The model’s ability was directly proportional to the crop density (i.e., higher density crop districts have produced good accuracy). The higher crop density leads to higher crop cutting samples, which are highly reliable, mainly crop area density with at least 1–5%. Some studies [55,56,57,58,59] used linear/machine learning approaches to predict rice yields using various remote sensing indices and microwave remote sensing. However, these studies are restricted to a limited spatial extent. Two previous studies [60,61] used biophysical models to estimate crop yields at coarser resolution (~5 km & ~50 km) over India, which is not sufficient for village-level applications.

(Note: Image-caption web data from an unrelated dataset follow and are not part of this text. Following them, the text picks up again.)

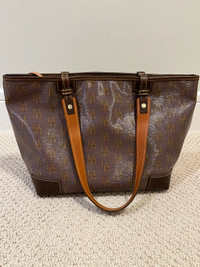 Dooney and Bourke leather purse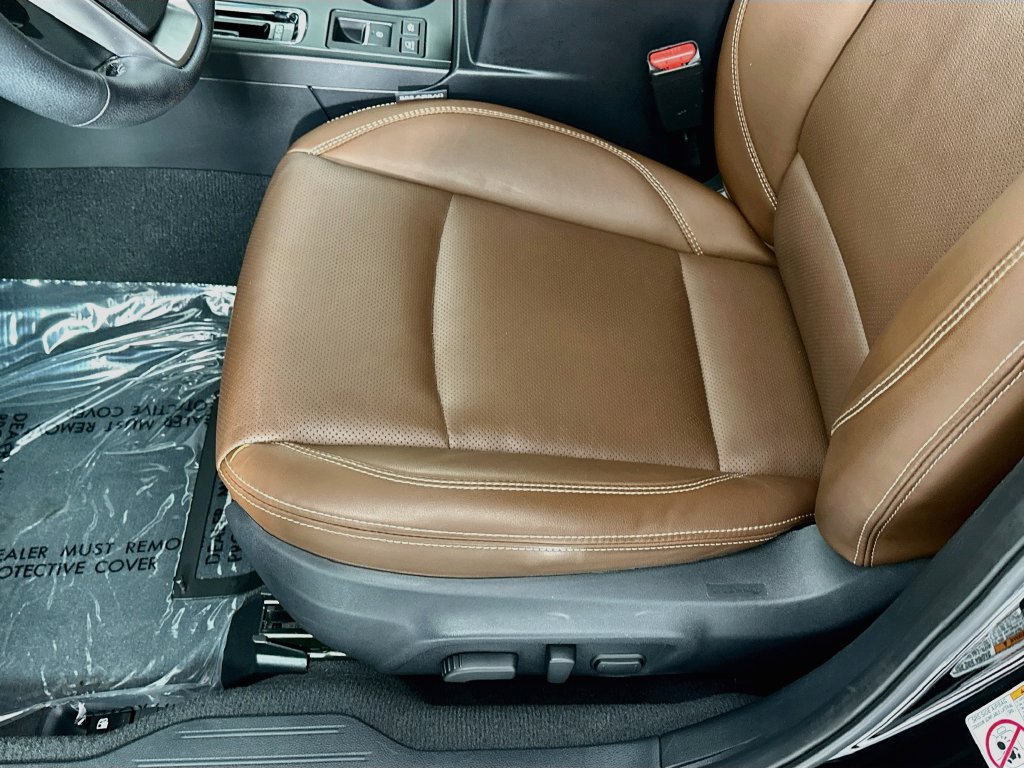 Used 2019 Subaru Outback 3.6R Touring AWD/4WD image 22
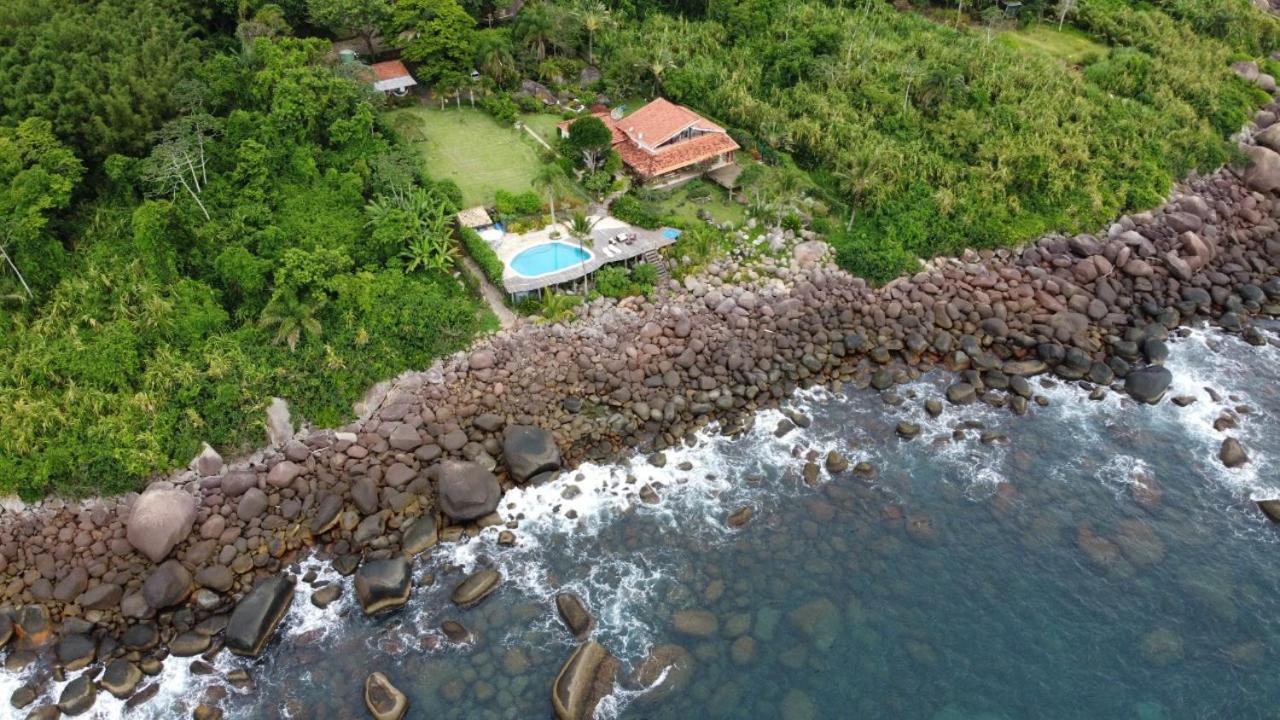 Sol-Lua Bangalo Com Uso Exclusivo Da Piscina Villa Илябела Екстериор снимка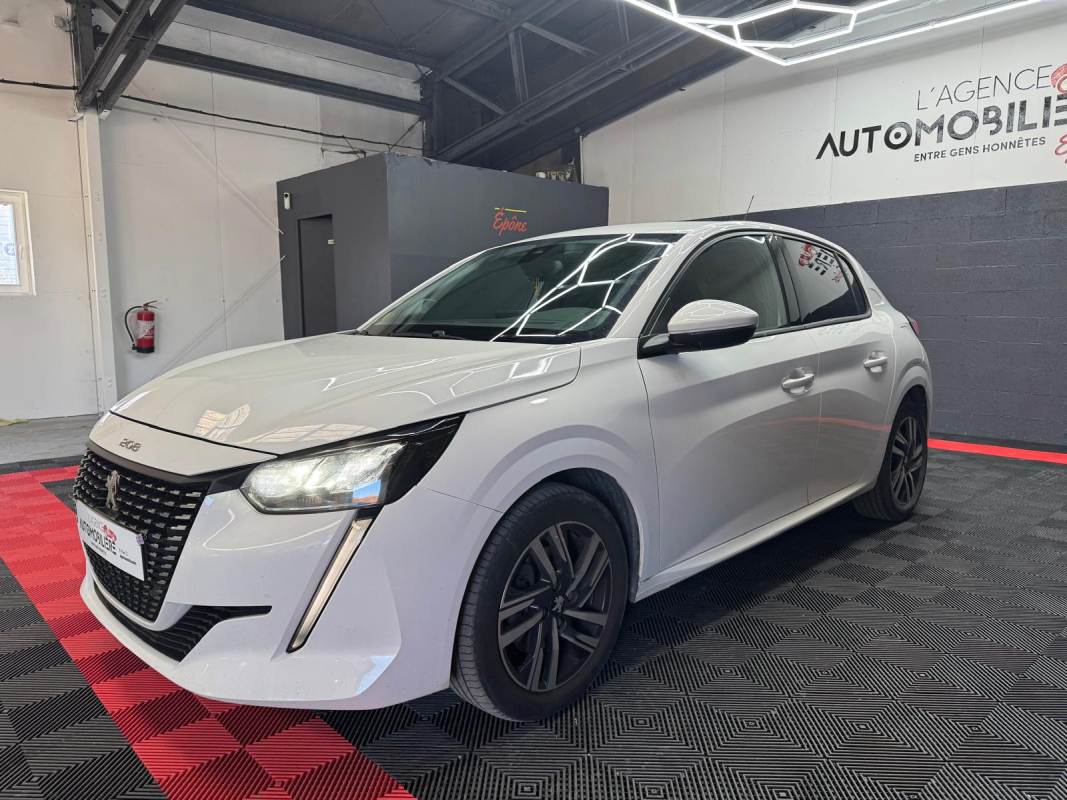 Peugeot 208 — 2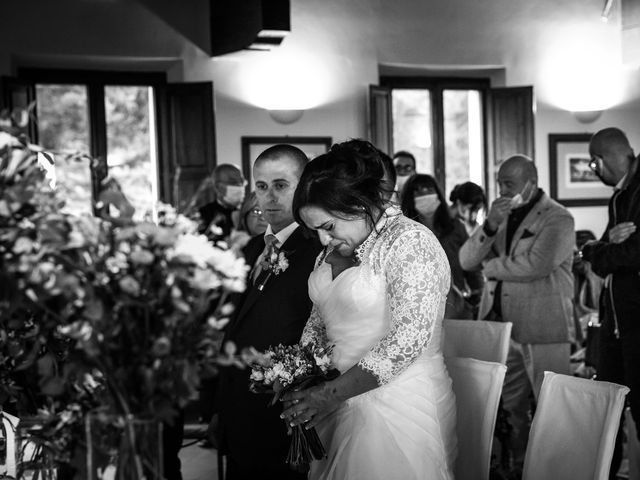 Il matrimonio di Michele e Chiara a Montecarotto, Ancona 22
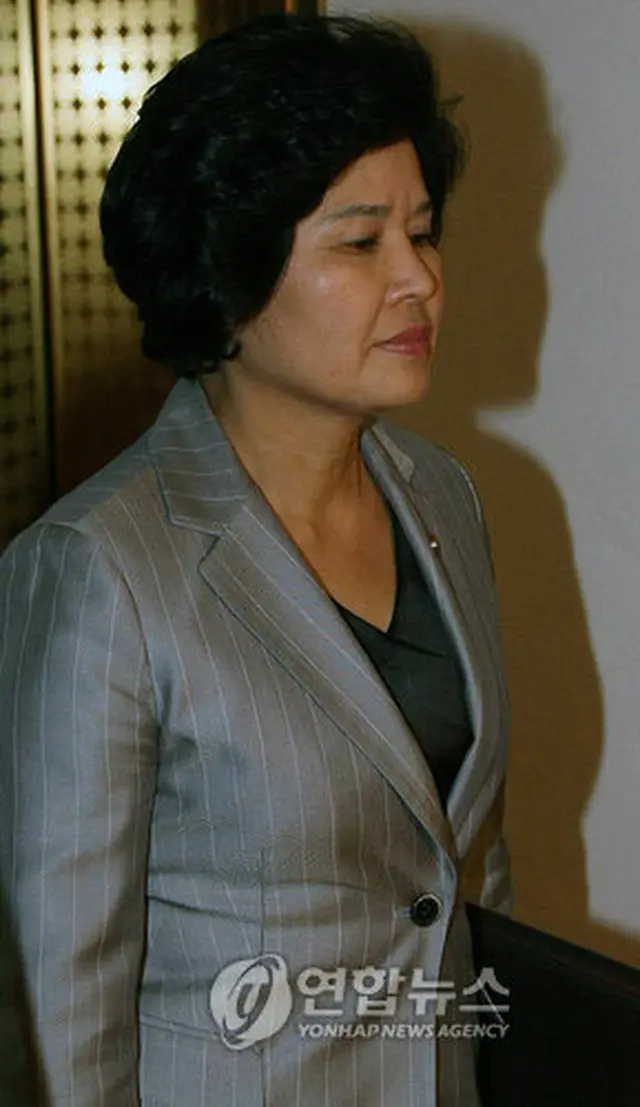 李鳳和次官。16日撮影＝（聯合）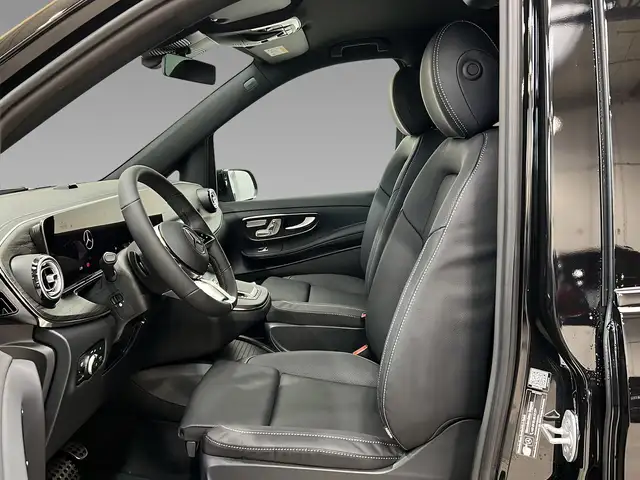 Mercedes-Benz V 300 view 8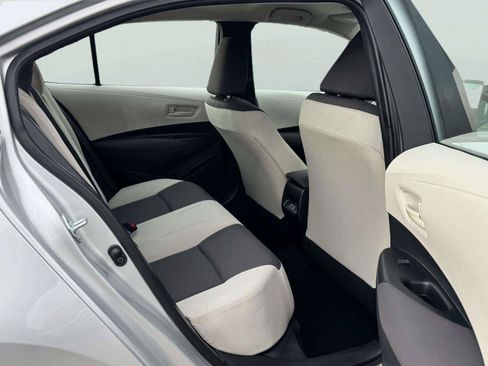 Used 2025 Toyota Corolla LE FWD image 38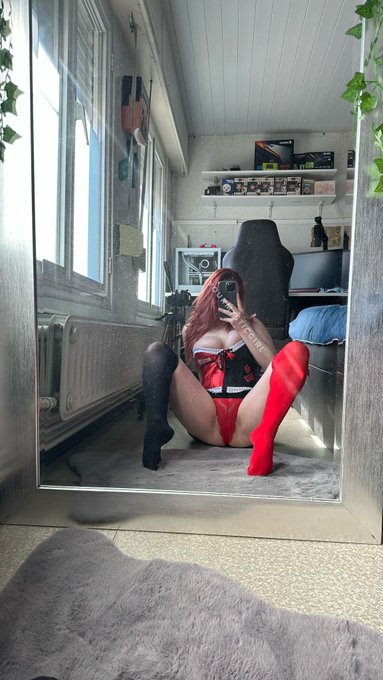 Als je al mijn geile foto&rsquo;s en video&rsquo;s wil zien is het nu de tijd.  Mijn OF is maar voor de helft van<a href="/tag/newprofilepic"class="tags"><span>#newprofilepic</span></a><a href="/tag/nieuweprofielfoto"class="tags"><span>#nieuweprofielfoto</span></a>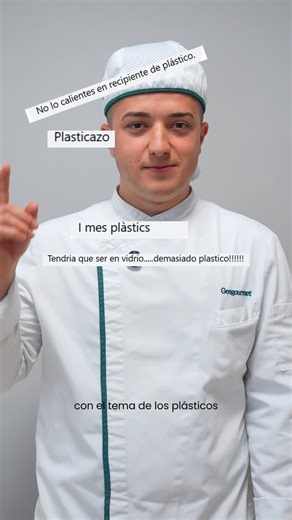 Gesgourmet on Instagram: "Muchos nos habéis preguntado por qué seguimos utilizando barquetas de plástico y la respuesta está en la seguridad alimentaria y la pasteurización. Para que tus platos lleguen perfectos y duren más tiempo, deben pasar por altas temperaturas. Actualmente, este material es el único que garantiza: ✅ Resistencia total al calor sin deformarse. ✅ Cero liberación de microplásticos o compuestos tóxicos. ✅ Un proceso 100% circular (es plástico reciclable). La clave no es el mate
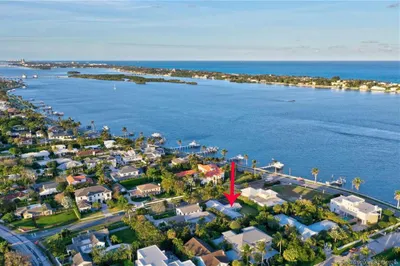 122 Bloomfield Drive 1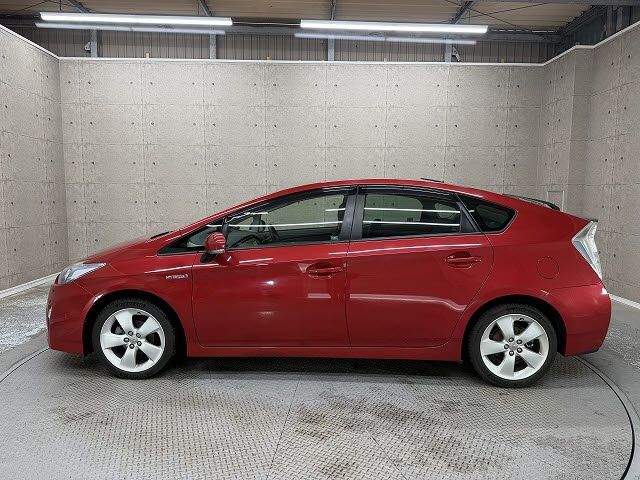 TOYOTA PRIUS 2011 Image 31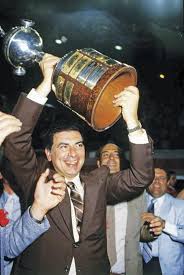 Es hijo del dirigente de river plate y expresidente del banco de la nación argentina hugo santilli. Hugo Santilli En Primera Persona El Grafico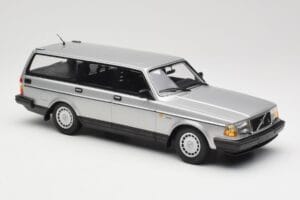 Volvo 240 GL Estate Ezüst Minichamps 1:18 155171416 Fém – 4. kép a 6-ből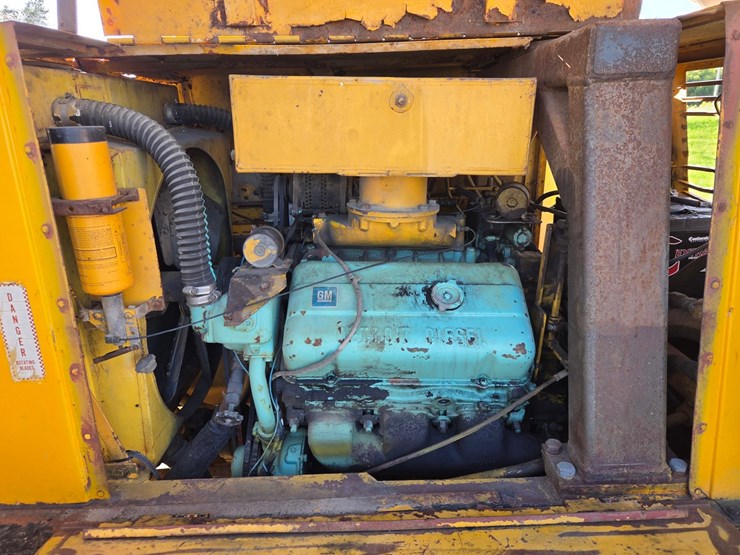 #2446-•-clark-720-crane-truck-image-45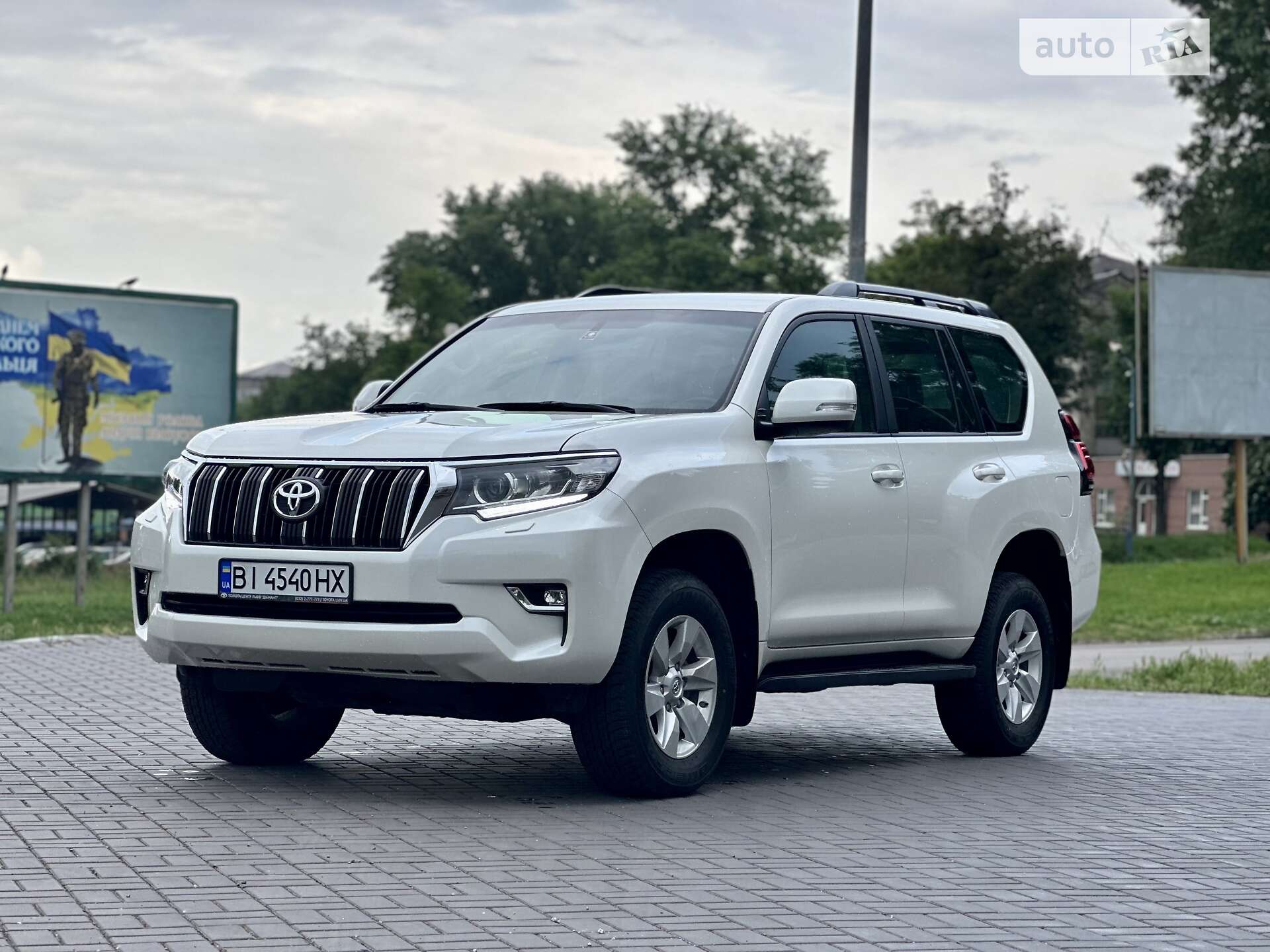 TOYOTA LAND CRUISER PRADO 150 2020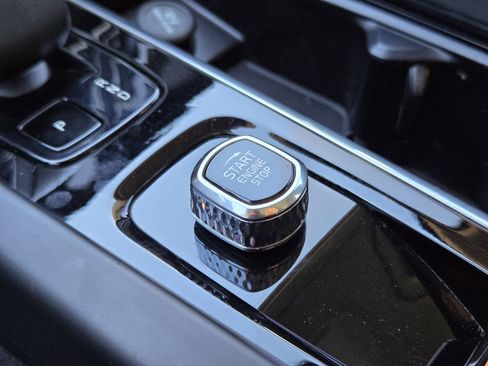 Certified 2023 Volvo V60 B5 Cross Country Plus w/ Climate Package image 27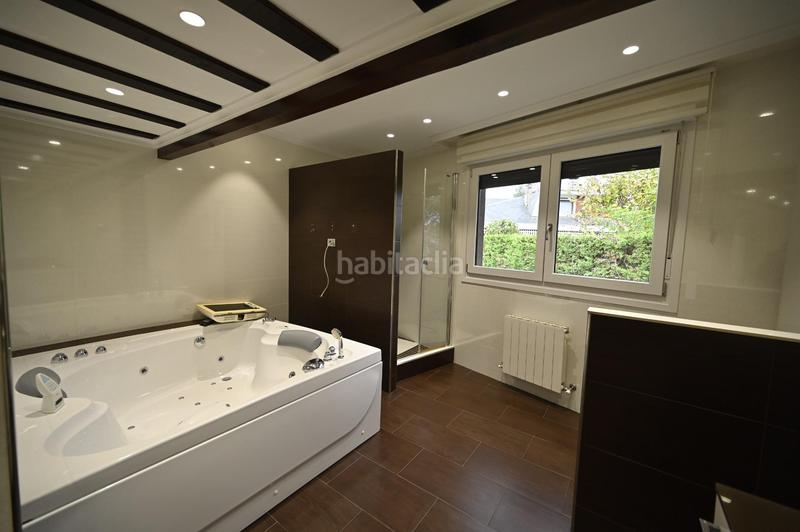 Foto 79ab2d5d-cd41-4133-b4bc-cbd5de1039aa. Semi detached house with heating parking in Loiu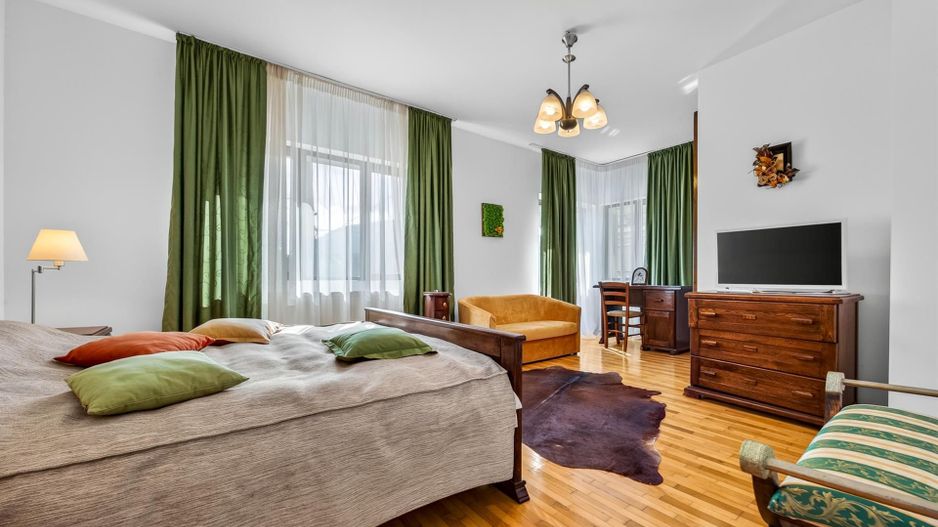 Casa pe 3 niveluri | Terasa cu priveliste | 3 parcari | Pozitie centrala - Poză 25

Comparing block-level yields, the disagreement between observed and simulated yields is higher than for districts since we trained our model with district-level yields, containing a lower range of variation likely due to aggregation effects. We conclude that we can use our yield simulations at 500 m spatial resolution (~approximately 25 ha) for regional agricultural applications as our model performed well at the district and acceptable at the block level. Field level assessments in the Indian agricultural landscape needed higher resolution images such as IKONOS and SPOT due to their crop heterogeneity. However, these 500 m resolution outcomes could be helpful for agricultural applications at the village scale, such as planning market strategies and crop insurance. The current model approach is required dense ground truth observations for specific cropping conditions in model training, especially in extreme higher and lower yields. This helps to attain its best accuracy for field-level applications, circumventing further research following [62].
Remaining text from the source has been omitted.